El cenotafio dedicado a Antonia Argerich, situado en la carretera entre Solsona y Torà, en la Vall del Llobregós, no hace referencia a una muerte violenta vinculada al voto femenino, como sostiene una leyenda publicada en la app de Geocaching, sino a un atropello accidental, según han confirmado los historiadores locales.
El monolito, que lleva la inscripción: “Aquí murió Antonia Argerich a los 73 años el día 17 del 11 del 1933. E.P.D” fue compartido por Narcís Serrat en Las Fotos de los Lectores de Guyana Guardian, donde planteaba la siguiente pregunta: “¿Leyenda o un hecho real?”
Cenotafio de Antonia Argerich en la Vall del Llobregós.
Serrat localizó el lugar mientras practicaba Geocaching, una actividad al aire libre que consiste en buscar tesoros (geocachés) escondidos por otros usuarios y que sirve para “descubrir sitios inéditos de nuestra historia, geografia y patrimonio”.
En este geocaché se incluía un texto en el que se explicaba la muerte de Antonia Argerich. En él se afirmaba que la mujer habría sido asaltada mientras conducía un pequeño rebaño de ovejas, “recibiendo golpes de piedra hasta morir”, tres días antes de que las mujeres pudieran votar por primera vez en unas elecciones generales en España.
Desde Guyana Guardian se ha investigado esta historia para saber si es una leyenda o un hecho. En la hemeroteca de este mismo diario consta una nota comarcal publicada el 6 de diciembre de 1933 donde se comunica: “El auto que hace el servicio de viajeros entre Solsona y Torà, arrolló el otro día a una mujer llamada Antonia Argerich Ribalta, dejándola muerta en el acto.”
Nota comarcal en Guyana Guardian sobre la muerte de Antonia Argerich, en 1933.
Esta versión queda corroborada por el certificado de defunción, facilitado por el rector de Torà y director de la revista Llobregós Informatiu, Fermí Manteca. El documento confirma que Argerich “falleció repentinamente víctima de un atropello en el kilómetro veinticinco de la carretera de Solsona a Torà, a las seis y media de la mañana.”
Certificado de defunción de Antonia Argerich, 1933
Según han relatado los vecinos de la zona al rector, aquel viernes era día de mercado en Torà. La mujer se dirigía hacia allí con una amiga para vender conejos y verduras. Al intentar cruzar la carretera, fue atropellada por “el autobús de la compañía Galtanegra que hacía el servicio entre Solsona y Torà”.
La trágica vida de Antonia Argerich
Antonia Argerich vivía en la masía Bellera en la pequeña localidad de Fontanet, entre Solsona y Torà, según detalla Fermí Manteca. En 1910 enviudó tras la muerte de su marido, Francisco Molins Saball.

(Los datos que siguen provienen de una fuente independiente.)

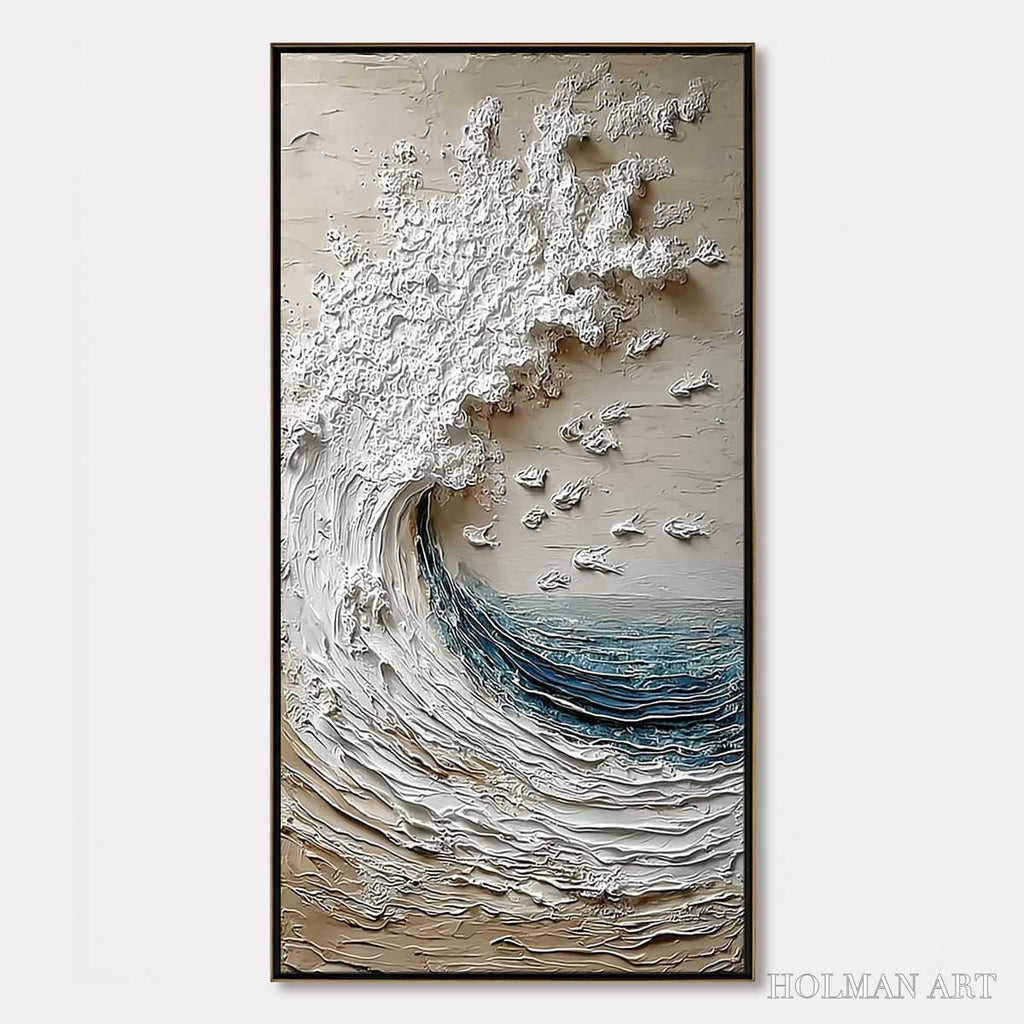 HOLMAN ART Crescendo | Textured Coastal Wave Impasto Original Oil Painting - image 1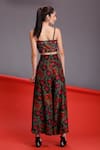 Shop_Alpona Designs By Soham Acharya_Black Floral Print Pleated Pant _at_Aza_Fashions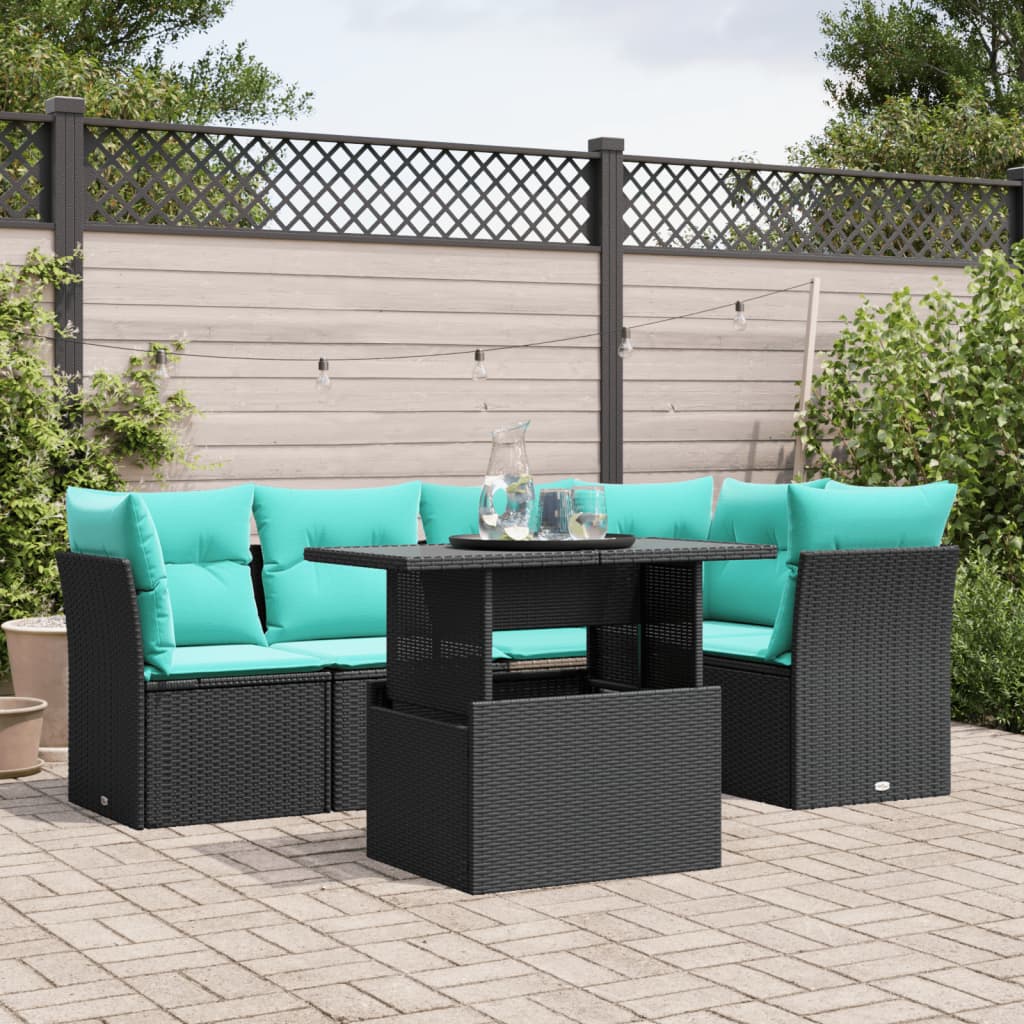 6-delige tuinbankset met kussens van zwart polyrotan is nu te koop bij PeponiXL, paradijselijk wonen!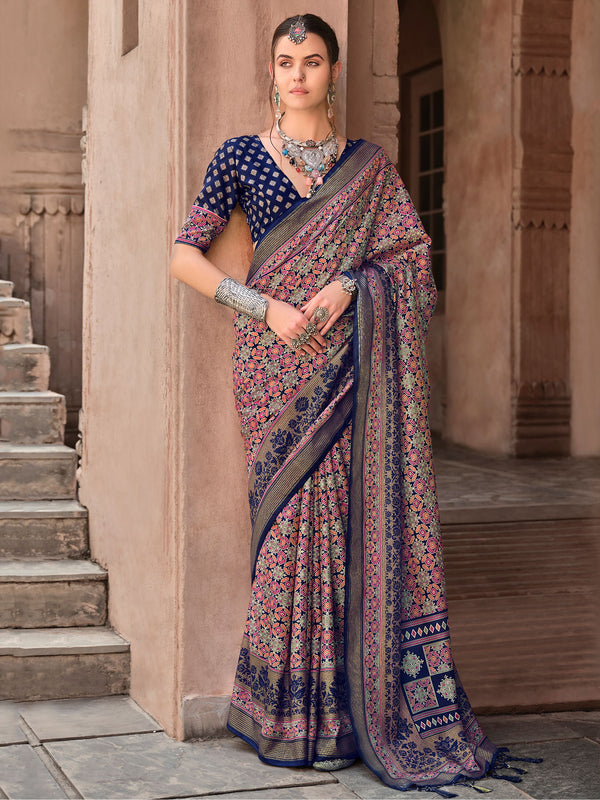 Marvelous Navy Blue Digital Printed Silk Event Wear Saree With Blouse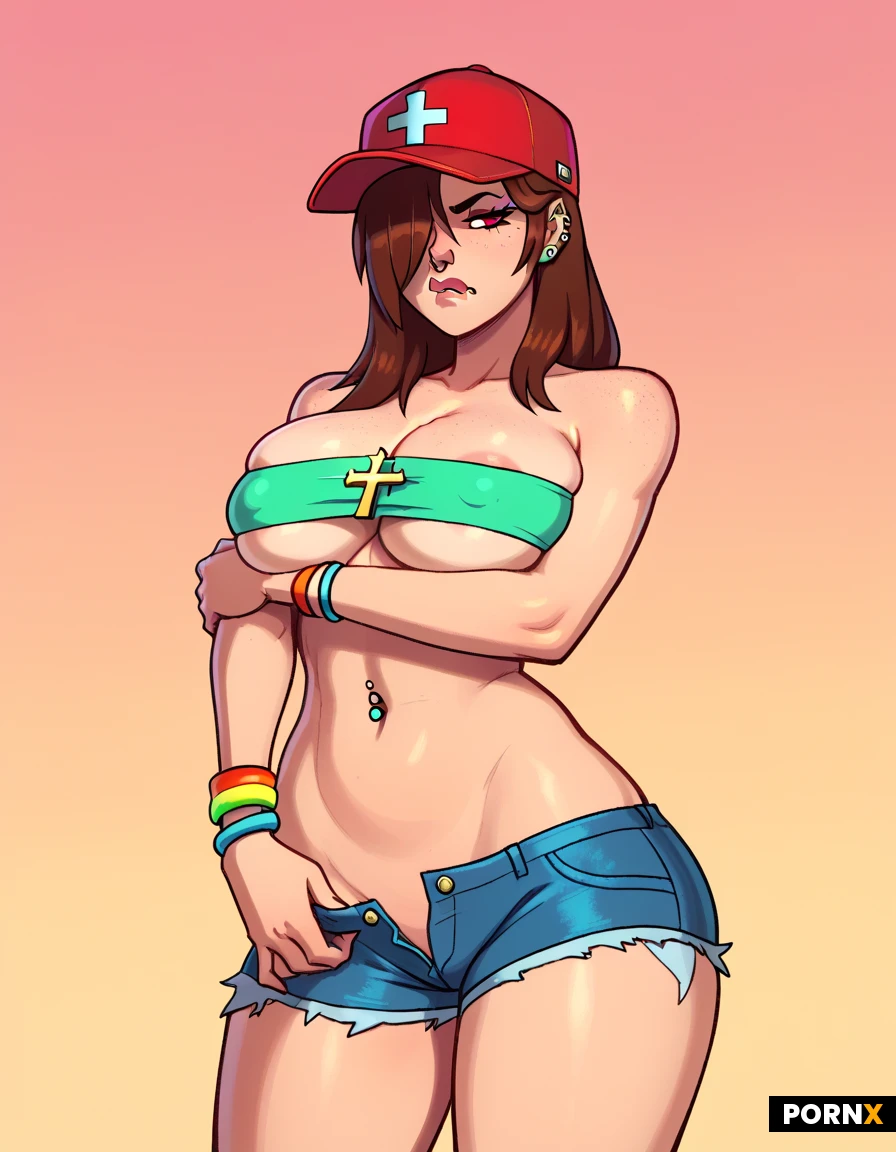female, slim body, avarge boobs, long straight brown hair, hair covering one eye, red baseball cap, red eyes, makeup, eyelashes, nose piercing, freckles, bored face, neon green tube top, tits peak out, nipples visible, cleavage, underboob, belly out, navel piercing, denim shorts, denim shorts down, colorful bracelets, crosses arms and queez her boobs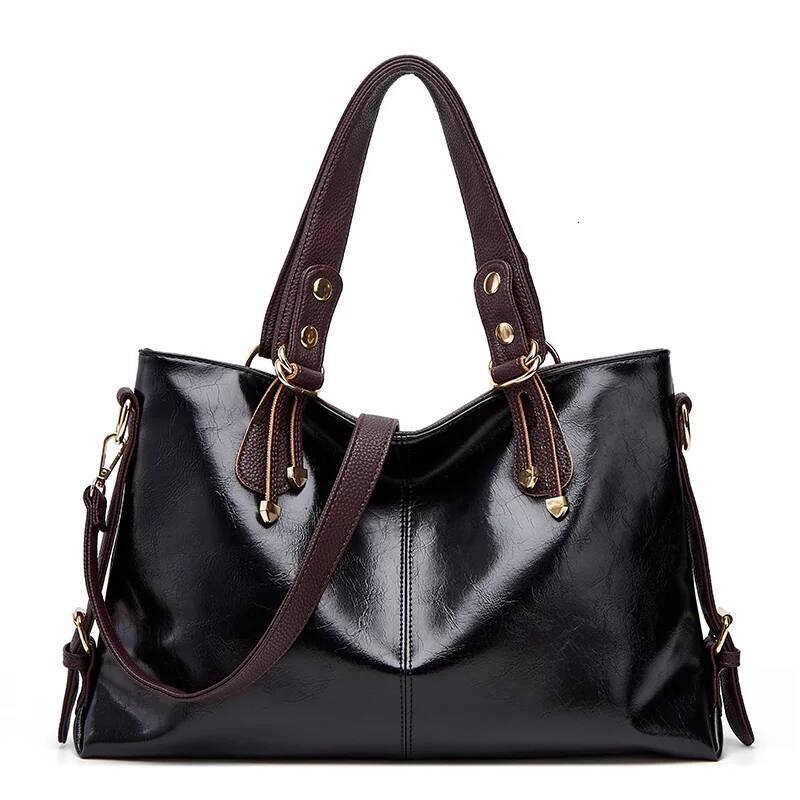 Retro Minimalist Atmosphere Large-Capacity Wide Shoulder Strap Solid Color Tote Bag, Ladies' Fashion Multi-Layered Wax Oil Leather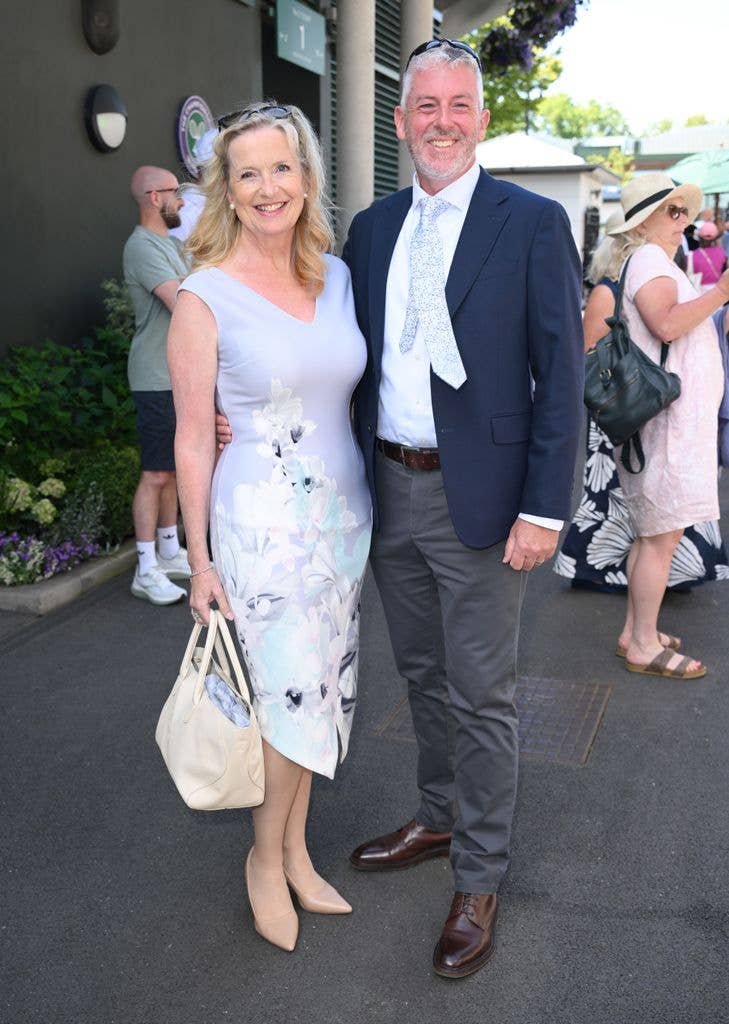 Carol Kirkwood attends day one of the 2026 Wimbledon Tennis Championships at the All England Lawn Tennis and Croquet Club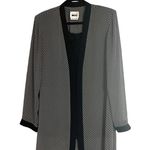 Leslie Fay Open Kimono Attached Tank DUSTER BLOUSE Womens Sz 14 Black White Photo 6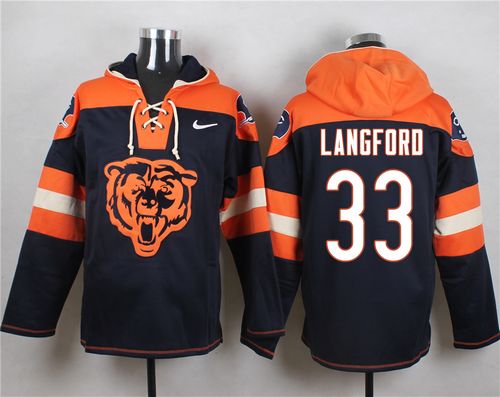 Nike Bears #33 Jeremy Langford Navy Blue Player Pullover NFL Hoodie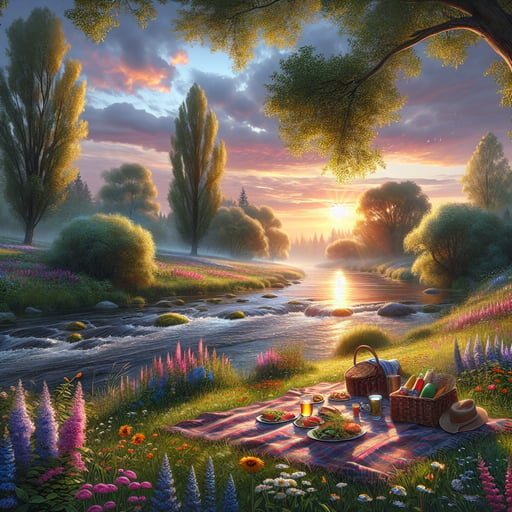 Serene summer morning with a picnic setup near a river, under a colorful sunrise sky, symbolizing a joyous start to the day - good morning image.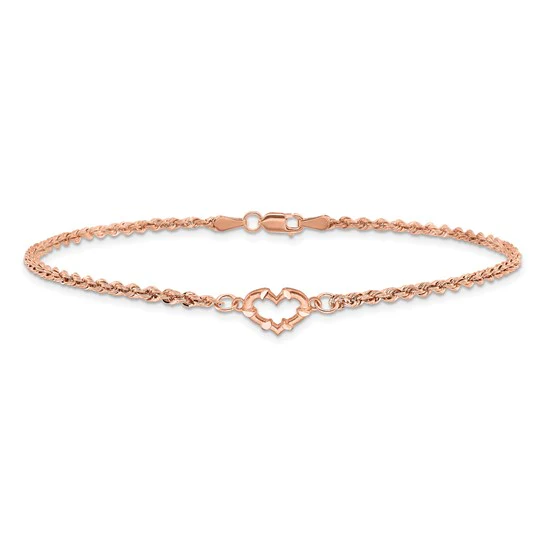 Tobillera de Oro Rosa de 14K con Cordón Trenzado y Corazón Cortado con Diamantes de 9 Pulgadas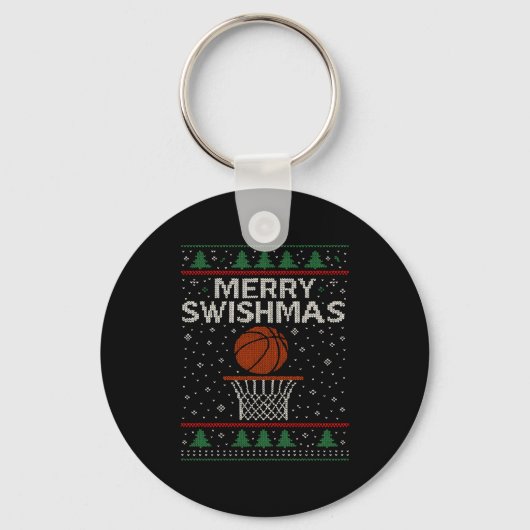 Merry Swishmas Ugly Christmas Sweater Basketball J Schlüsselanhänger (Vorderseite)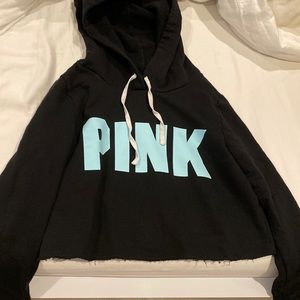 Black crop top hoodie from PINK with blue letters! In good condition!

Un año antes, según apunta el rector, el matrimonio había sufrido la pérdida de su hija Montserrat con tan sólo 10 años. Más tarde, en 1914, Antonia tuvo que hacer frente a otra pérdida, la de su hija Dolors, que murió con 19 años. Aún así tenía a su lado a su hijo Lluís, heredero y pastor, pero que, más adelante, se acabaría mudando a Manresa.
Masía Bellera en la localidad de Fontanet.
Su funeral, celebrado el 12 de diciembre de 1933, contó con la presencia de cinco sacerdotes y se celebraron tres misas, hecho que indicaba el nivel económico de la familia.
Como explica Fermí Manteca, “en esos tiempos se distinguían las familias más ricas de las más pobres según lo que estaban dispuestos a pagar para que vinieran sacerdotes de fuera. Cuántos más sacerdotes tenías más rico eras”.
En aquella época, cuántos más sacerdotes tenías en un funeral, más rico eras
El cenotafio de recuerdo en la carretera
El recuerdo de Antonia Argerich.
La presencia de un cenotafio en recuerdo a Antonia Argelich en la carretera donde fue atropellada no solo llama la atención, sino que ha avivado en el pasado la leyenda sobre la causa de su muerte, comentada en varios blogs.
Según el diccionario de la RAE, un cenotafio es un “monumento funerario en el que no está enterrada la persona a la que se dedica”. Suele ser un monolito de piedra o una cruz erigida por los familiares de la persona para rendirle homenaje en el sitio donde perdió la vida, a veces puede contener una inscripción, como ocurre con el de Antonia Argerich, que nos da más información sobre esta persona cuya vida y muerte conocemos ahora con más detalle.